Derde fase: sense of self-regulated development and empowerment
Emotionele intelligentie gaat over het begrijpen van jezelf en het zorg dragen voor jezelf.
Vanuit een proces van toenemende spontaniteit en creativiteit gaat de jongere commitment aan en van daaruit op zoek naar eigen – niet universele – waarden en normen, gebaseerd op een toenemende sensitiviteit van de verreikende dynamiek en diversiteit van het leven.
Door het aanbieden van bewegingsvrijheid in de puurste zin van het woord, leert de jongere de waarde van emotionele, sociale en fysieke expressie en motoriek kennen en leert aan te geven hoe hij/zij beweegt in de wereld… . Begrenzingen worden organisch en daarmee acceptabel, functioneel en dus flexibel. De jongere wordt begeleid in het terug herkennen van deze fenomenen in de omgeving / de maatschappij. De cirkel wordt rond.
De jongere begrijpt de relatie tussen de binnenste en buitenste dimensies van de maatschappij en zichzelf, en ontwikkelt manieren om de bron van zijn motivaties en acties te zien en te veranderen.
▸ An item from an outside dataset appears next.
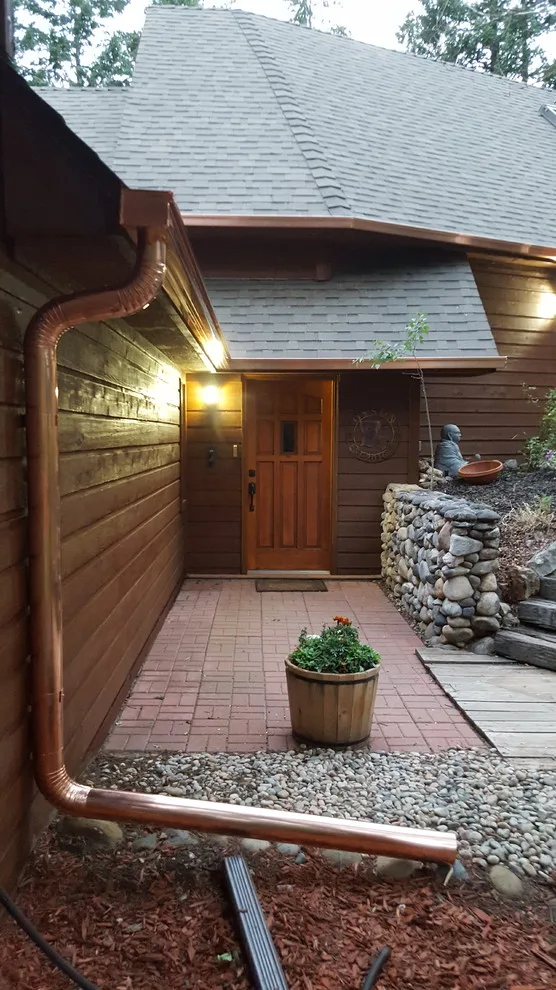 Sustainable Copper Box Gutter and Round Copper Downspout by Precision Seamless Gutters LLC - Photo 2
De hernieuwde openheid voor de eigen authentieke ervaring leidt tot een aanvaardende houding die ruimte biedt om met de diversiteit binnen de reële wereld om te gaan. Vanuit dit bewustzijn leert de jongere de ontstane ruimtes in te vullen met intuïtieve zowel als leerbare sociaal- empathische vaardigheden; het leert beiden te herkennen als functioneel.